# Capybaras



## ksaxton (Apr 20, 2014)

One day when I have my own house and plenty of land, I would LOVE to have a pet capybara! They're so cute and cool looking, I want one named Nelson and I want to put little sweaters on him and build a custom habitat with a nice big pond and anything else they need. I also really want him to be an indoor/outdoor pet like a dog, I was looking at pictures of people's pet capybaras sitting on the couch and they're so cute! Does anyone else love capybaras? My boyfriend thinks they're weird, but they're giant, cute rodents so what's not to love?


----------



## bloomington bob (Mar 25, 2014)

I've always loved capybaras! You can have them as pets, though it usually requires a permit.


----------



## Pandorascaisse (Mar 12, 2014)

I love how capybaras look... but I don't think I could bring myself to put a giant 150 pound rodent in my care, sadly. Hamsters, mice, rats, ferrets... they're all known to be serious biters. I don't think I'd be able to handle a bite from a capybara! 

Plus, they're notorious chewers, because of course they are still rodents. As it stands right now, my entire house is made out of wood... Not a good combination.
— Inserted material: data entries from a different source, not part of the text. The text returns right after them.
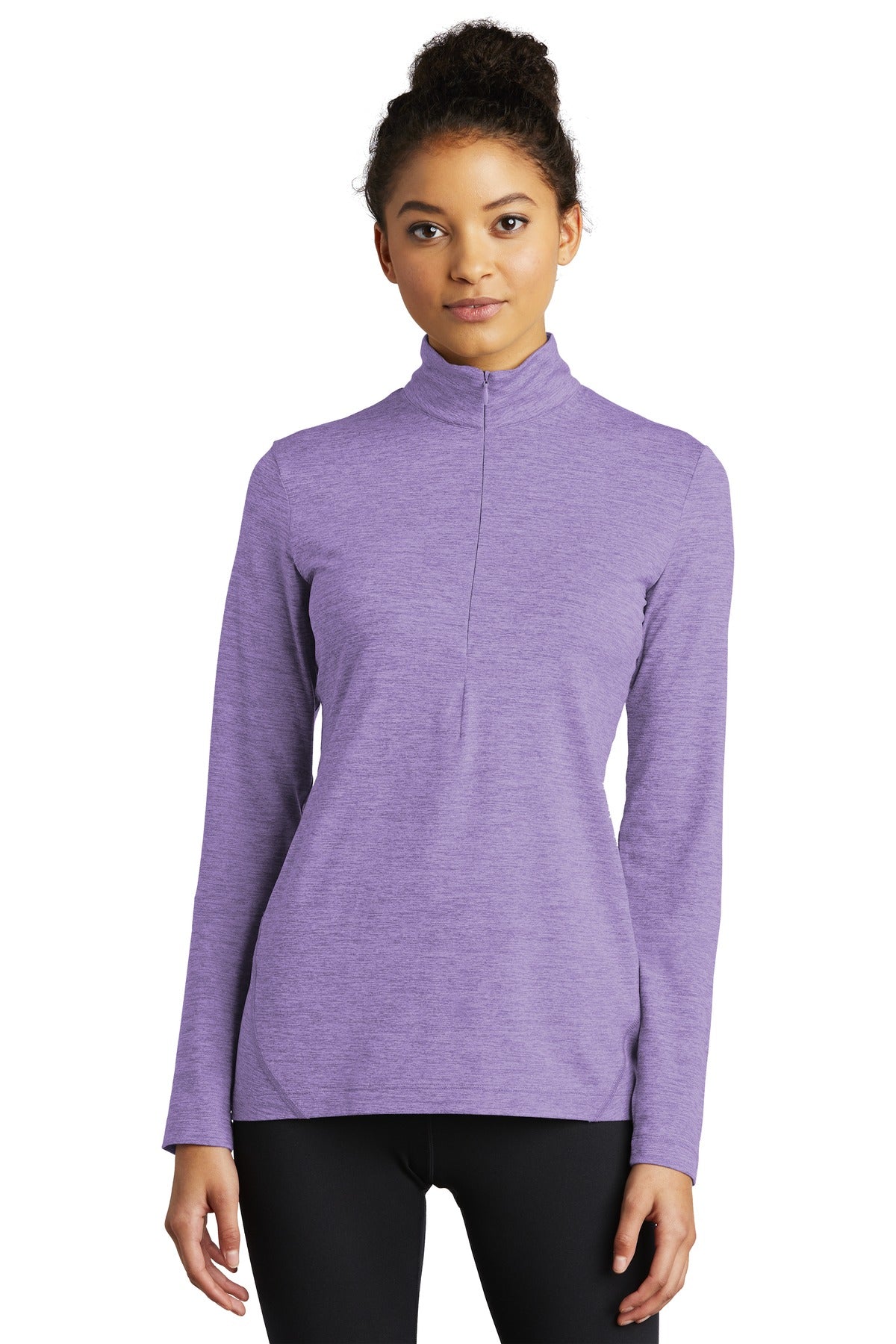 Sport-Tek® Ladies Exchange 1.5 Long Sleeve 1/2-Zip LST711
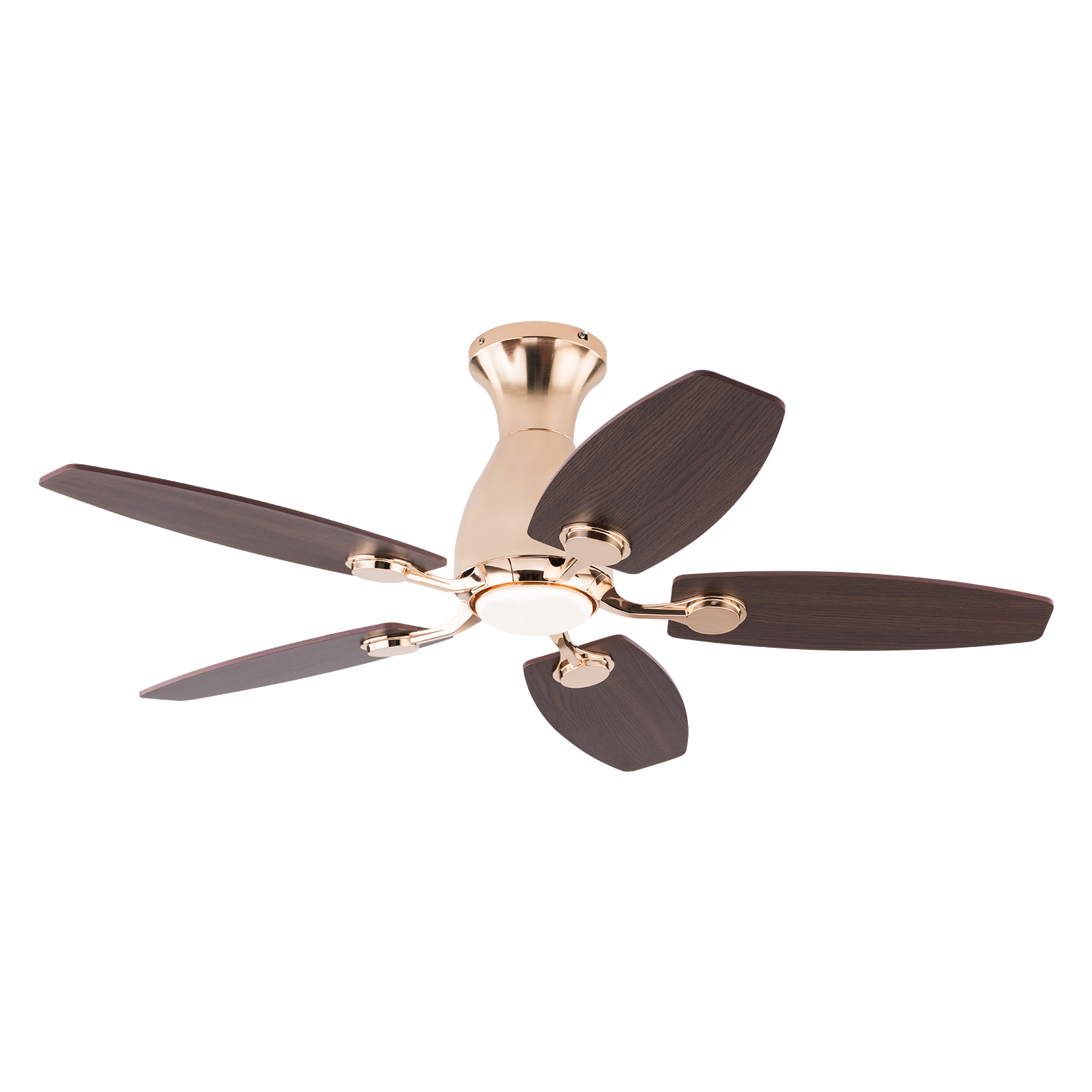42 Zoll Deckenventilator mit Licht, Gold, dreifarbig mit Temperaturwechselrichter und Fernbedienung, Weitspannung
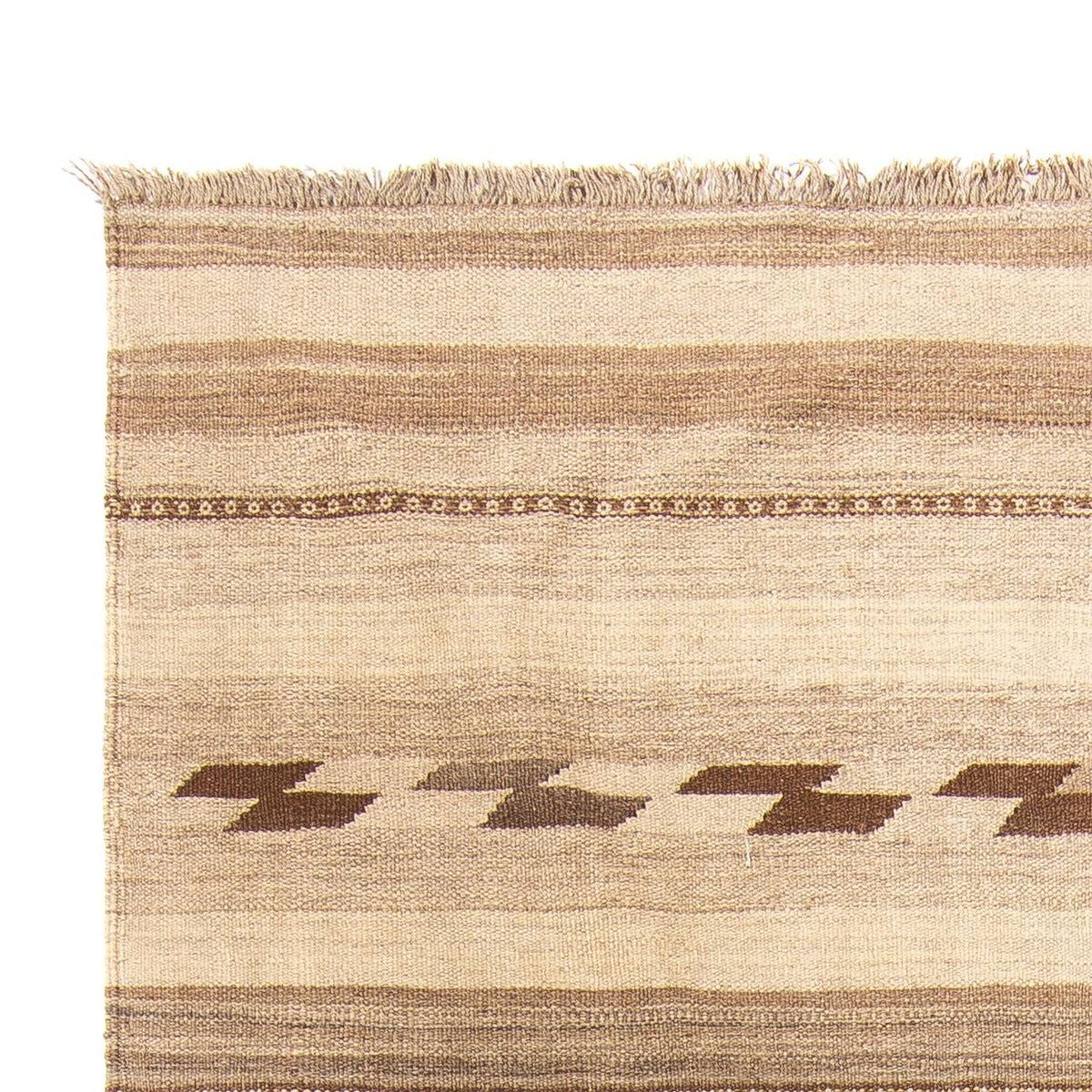 Kelim Carpet - orientalisk matta - 256 x 165 cm - flerfärgad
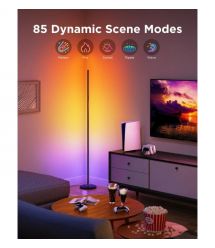 Govee Торшер умный H8076 Govee Floor Lamp lite, 1000Lm, RGBWW+RGBIC+WW, WI-FI/Bluetooth, чорний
I think, like any other exotic pet, they can make good pals for some people. The thing to remember is that in the wild capybaras are really aquatic animals for a lot of their lives... I think I'd have to let my capybara outside most of the time in a big pond, if I were to have one as a pet. I wouldn't feel right keeping them locked inside, away from the water they love so much.

They are cute little buggers though.


----------



## Lita (Jul 10, 2014)

My fiancee says I can't have one. XD they are basically giant guinea pigs, and from what I have seen behavior wise from peoples videos they act much like a guinea pig. I love my piggies so a dog size piggy would be so cool! Would definitely advise having guinea pigs first to get a little understanding of good and bad cues. Of course they are different animals but very similar! Lol


----------



## PawsandClaws (Jul 22, 2014)

They are extremely cute and I have always relished in seeing them at the zoo but I do not think I could do them justice if I kept them as a domestic pet.


----------



## EmilyGPK (Jul 7, 2014)

They are great but I would feel guilty having just one, and having a herd would be prohibitivedly difficult.


----------



## kayepaye (Jul 31, 2014)

Apparently these guys have quite a bit of attitude, and can get pretty nasty. Also, they are HUGE wild animals, and really deserve to stay that way. I am sure that a capybara would be so much happier exploring in his natural habitat than being trapped in an enclosure for his whole life.

I've never been a fan of people keeping wild animals as pets, especially rodents because I love them haha.

They are SO CUTE though, I've done a LOT of reading on them since they are really interesting. Amazing creatures


----------